+++ Records shown
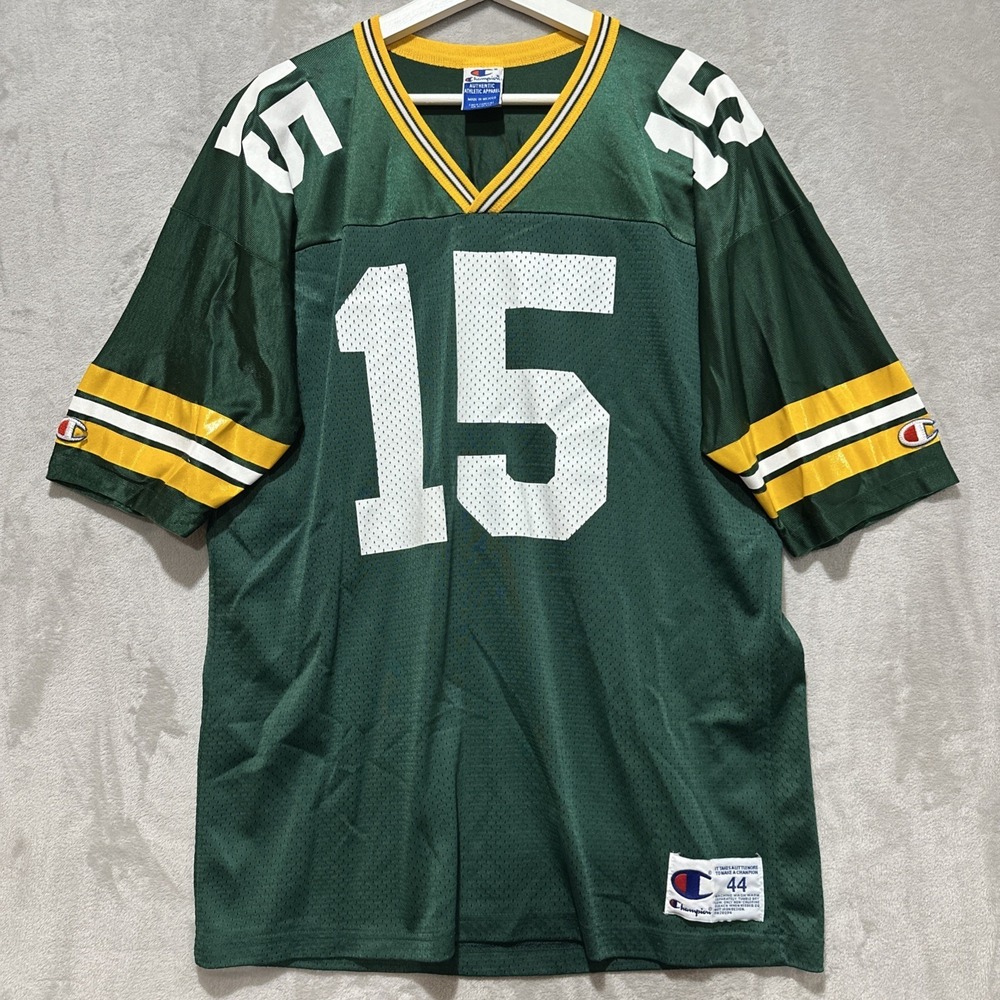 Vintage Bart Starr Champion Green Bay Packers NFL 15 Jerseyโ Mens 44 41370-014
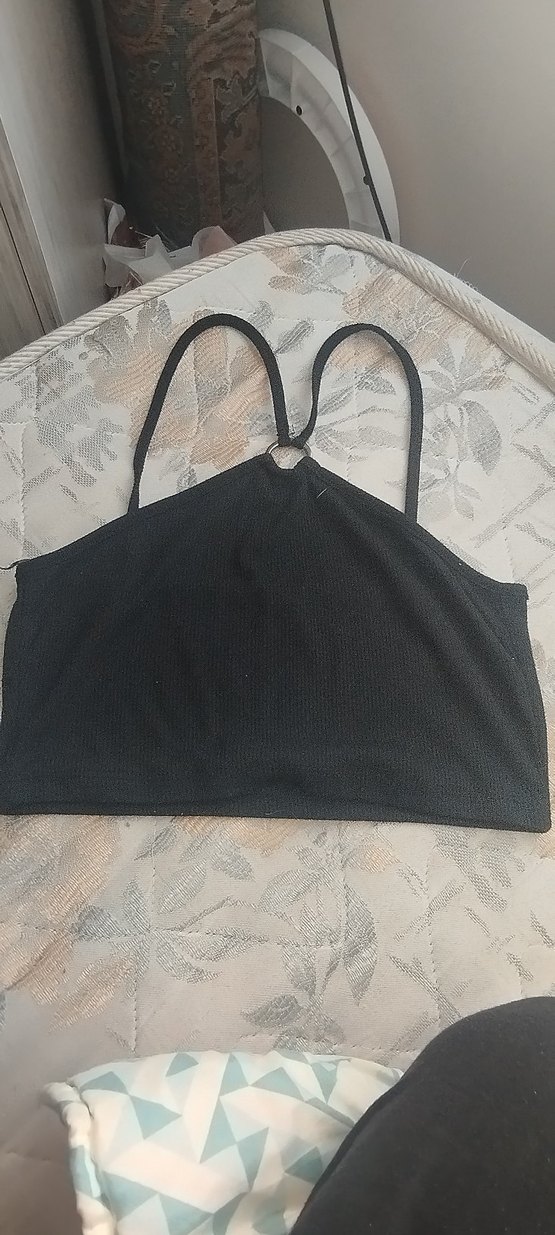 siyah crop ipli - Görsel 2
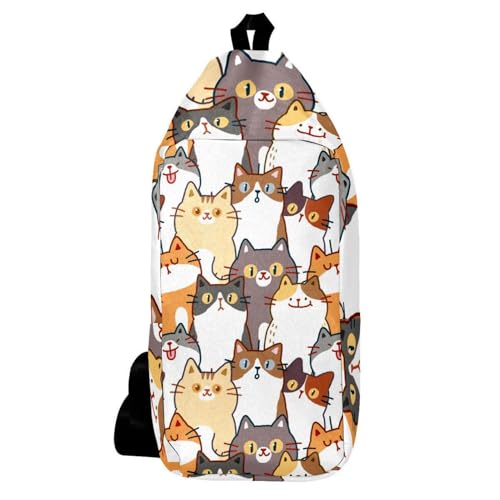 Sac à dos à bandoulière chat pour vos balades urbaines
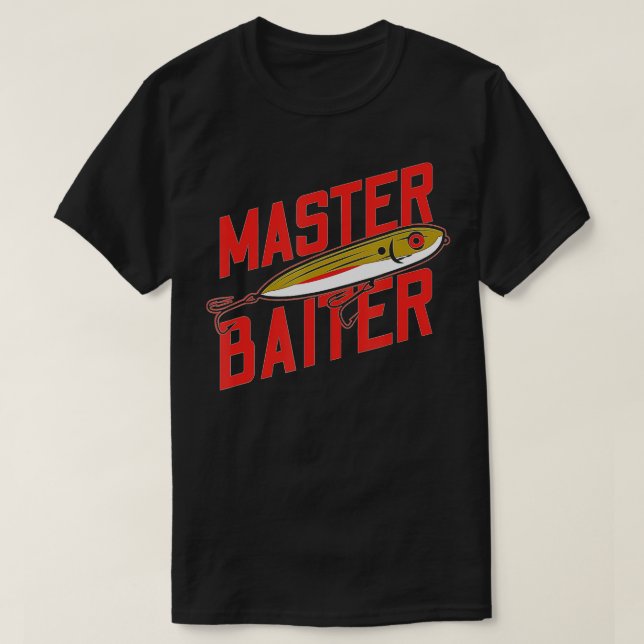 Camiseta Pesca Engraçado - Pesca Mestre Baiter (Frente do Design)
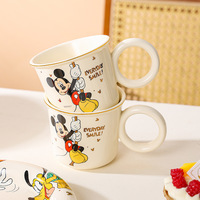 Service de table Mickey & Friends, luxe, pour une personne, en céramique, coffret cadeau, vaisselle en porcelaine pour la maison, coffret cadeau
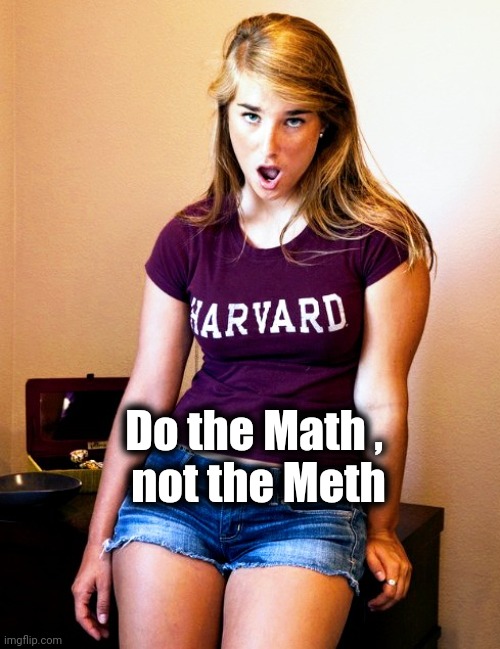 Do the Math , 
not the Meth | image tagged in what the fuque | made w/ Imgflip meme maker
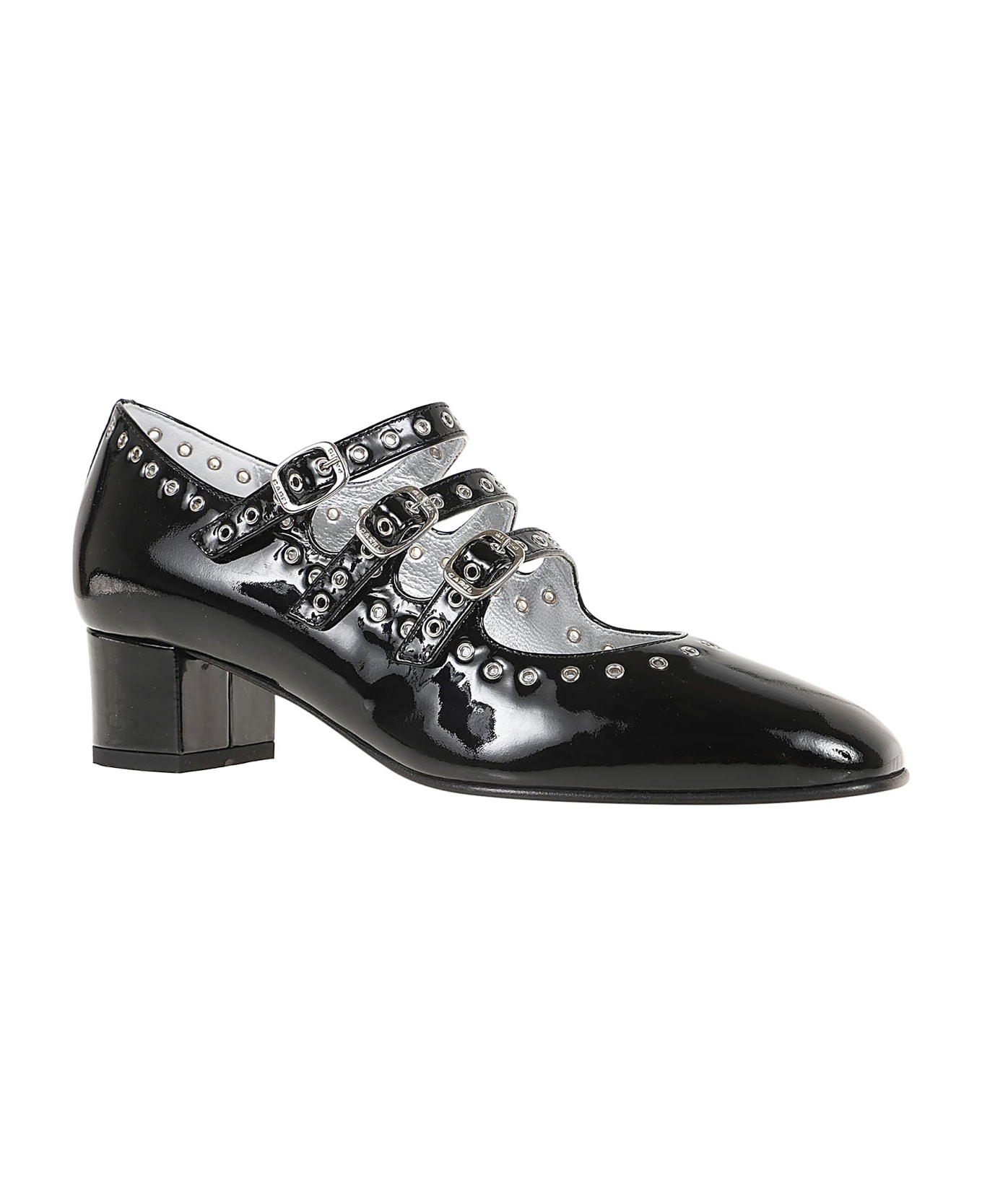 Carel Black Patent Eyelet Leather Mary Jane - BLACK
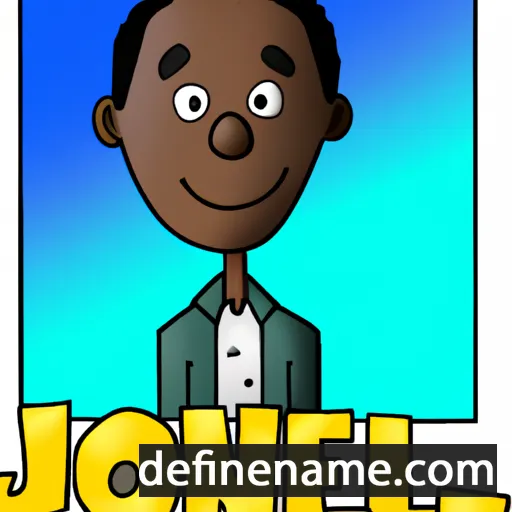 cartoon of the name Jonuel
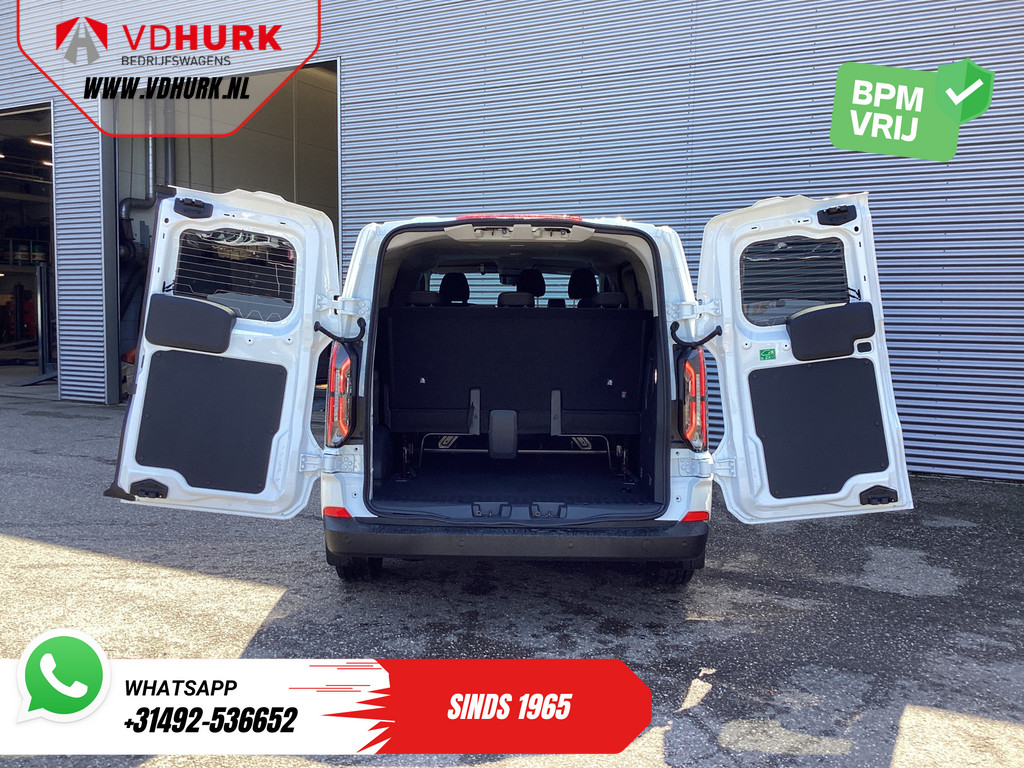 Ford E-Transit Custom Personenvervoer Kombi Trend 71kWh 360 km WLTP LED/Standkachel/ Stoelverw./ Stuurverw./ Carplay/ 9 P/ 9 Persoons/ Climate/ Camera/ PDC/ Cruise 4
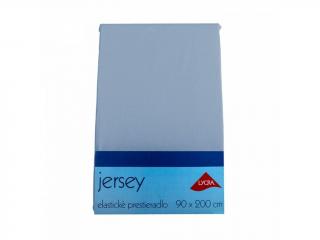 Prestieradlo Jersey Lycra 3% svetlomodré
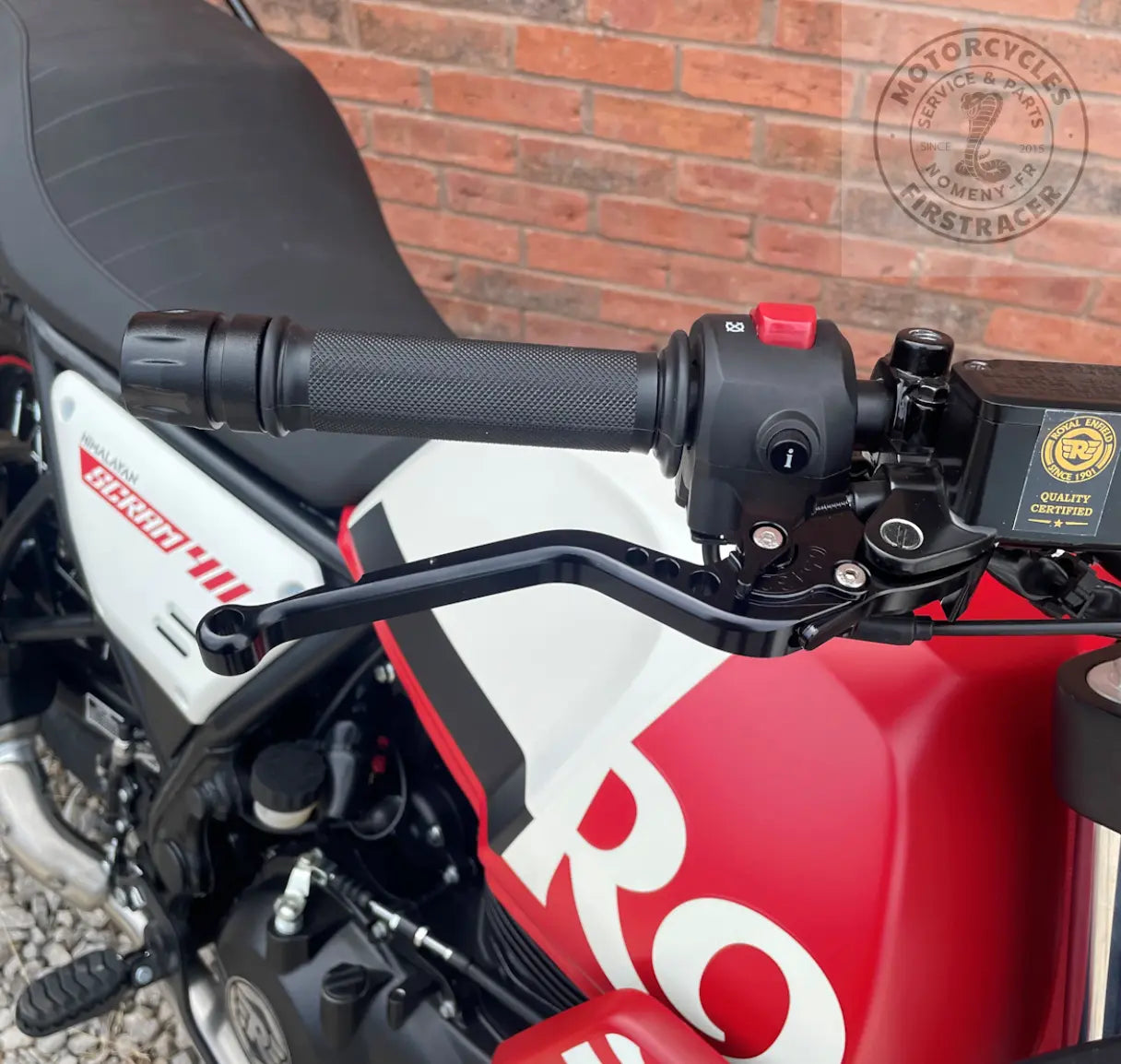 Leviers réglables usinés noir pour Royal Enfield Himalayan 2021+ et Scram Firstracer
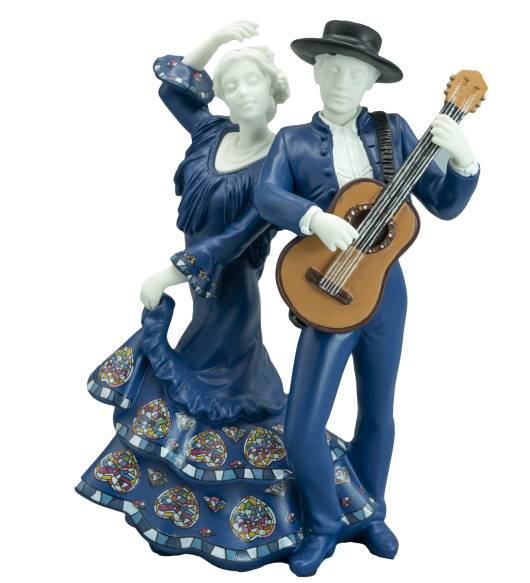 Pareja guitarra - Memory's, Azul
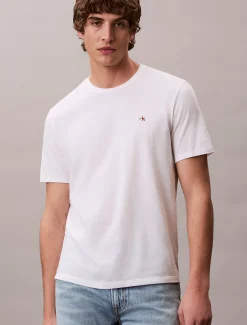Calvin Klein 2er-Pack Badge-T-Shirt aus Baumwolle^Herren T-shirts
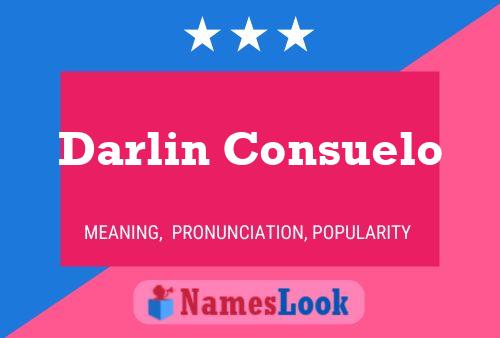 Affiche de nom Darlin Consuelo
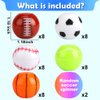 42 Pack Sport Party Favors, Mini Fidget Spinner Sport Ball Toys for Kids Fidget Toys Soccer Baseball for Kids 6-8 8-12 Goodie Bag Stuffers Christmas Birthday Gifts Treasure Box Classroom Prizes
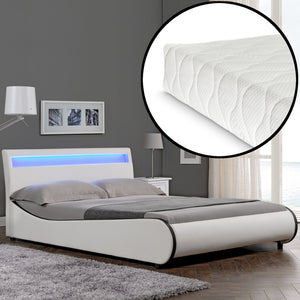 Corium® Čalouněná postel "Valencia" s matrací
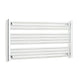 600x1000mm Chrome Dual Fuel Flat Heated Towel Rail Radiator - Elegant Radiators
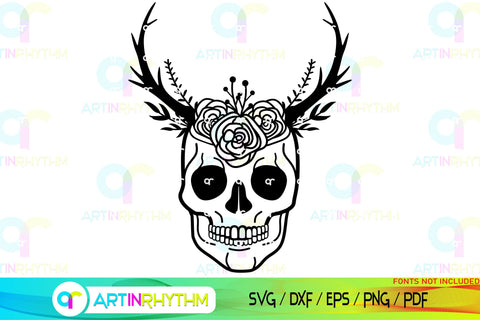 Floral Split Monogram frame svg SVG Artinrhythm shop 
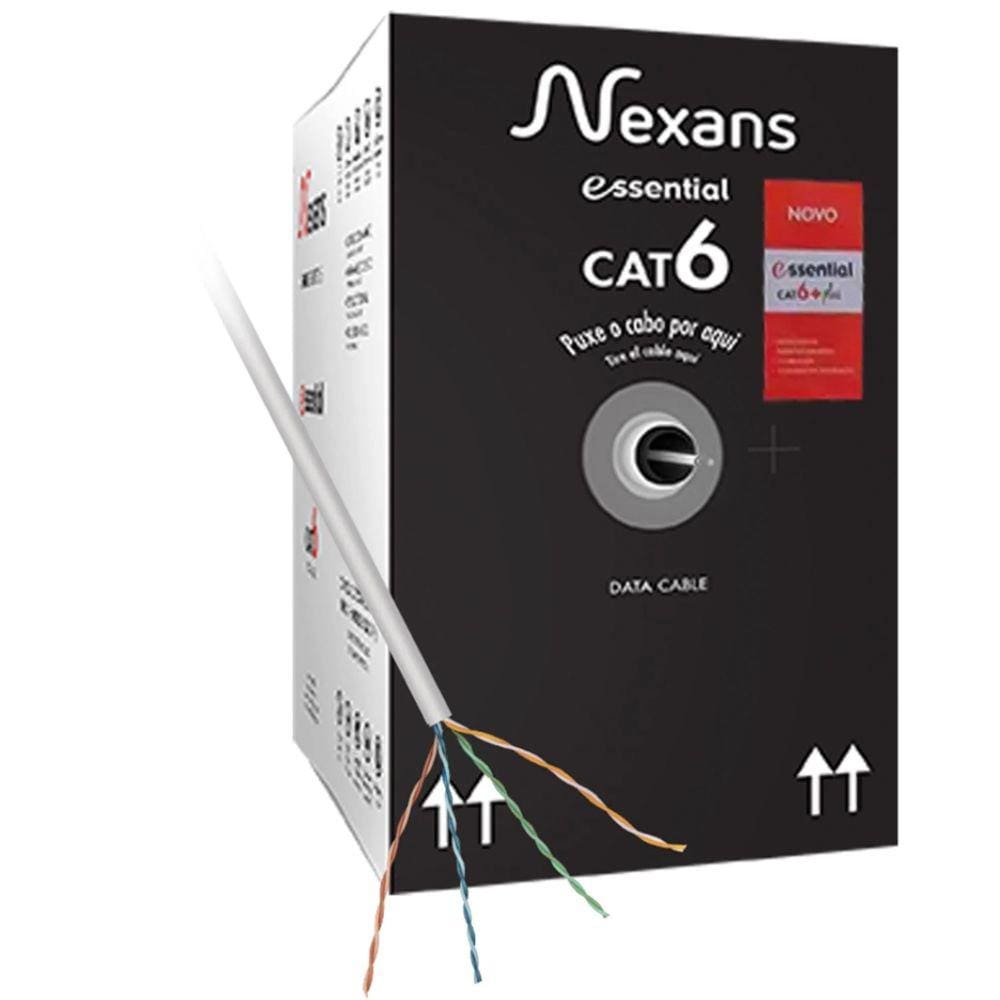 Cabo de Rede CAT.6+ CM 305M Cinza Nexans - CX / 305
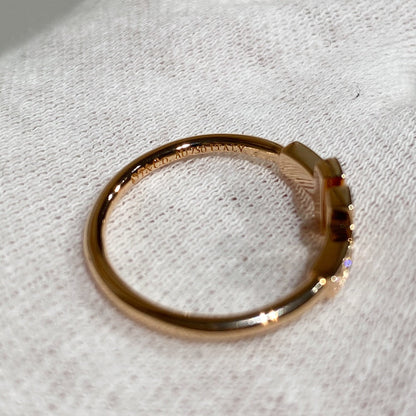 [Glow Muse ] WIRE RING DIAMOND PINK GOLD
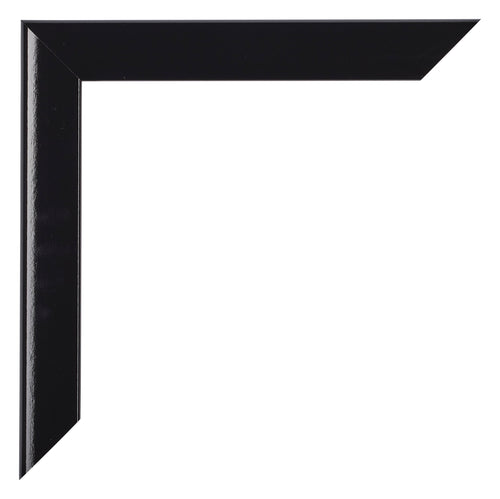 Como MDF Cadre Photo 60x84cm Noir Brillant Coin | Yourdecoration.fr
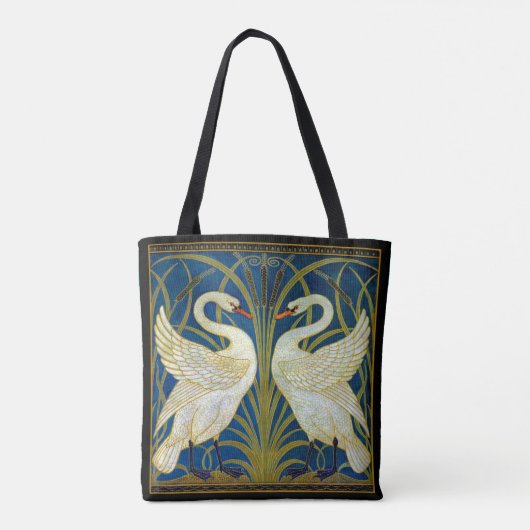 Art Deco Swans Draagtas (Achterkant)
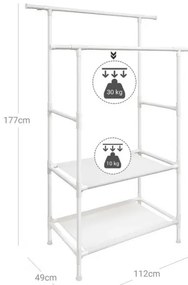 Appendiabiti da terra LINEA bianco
++++++
_Exercise requirements:_ From the line containing "not the Meth" down to the end of the listing above, every line is to be returned exactly, though the pictures are not.

_Answer box:_
not the Meth | image tagged in what the fuque | made w/ Imgflip meme maker
 Carel Black Patent Eyelet Leather Mary Jane - BLACK
 cartoon of the name Jonuel
 Ford E-Transit Custom Personenvervoer Kombi Trend 71kWh 360 km WLTP LED/Standkachel/ Stoelverw./ Stuurverw./ Carplay/ 9 P/ 9 Persoons/ Climate/ Camera/ PDC/ Cruise 4
 Prestieradlo Jersey Lycra 3% svetlomodré
 Leviers réglables usinés noir pour Royal Enfield Himalayan 2021+ et Scram Firstracer
 Pareja guitarra - Memory's, Azul
Calvin Klein 2er-Pack Badge-T-Shirt aus Baumwolle^Herren T-shirts
 Affiche de nom Darlin Consuelo
 42 Pack Sport Party Favors, Mini Fidget Spinner Sport Ball Toys for Kids Fidget Toys Soccer Baseball for Kids 6-8 8-12 Goodie Bag Stuffers Christmas Birthday Gifts Treasure Box Classroom Prizes
 Corium® Čalouněná postel "Valencia" s matrací
 600x1000mm Chrome Dual Fuel Flat Heated Towel Rail Radiator - Elegant Radiators
 Floral Split Monogram frame svg SVG Artinrhythm shop 
 Cabo de Rede CAT.6+ CM 305M Cinza Nexans - CX / 305
 [Glow Muse ] WIRE RING DIAMOND PINK GOLD
 Como MDF Cadre Photo 60x84cm Noir Brillant Coin | Yourdecoration.fr
 Art Deco Swans Draagtas (Achterkant)
 Appendiabiti da terra LINEA bianco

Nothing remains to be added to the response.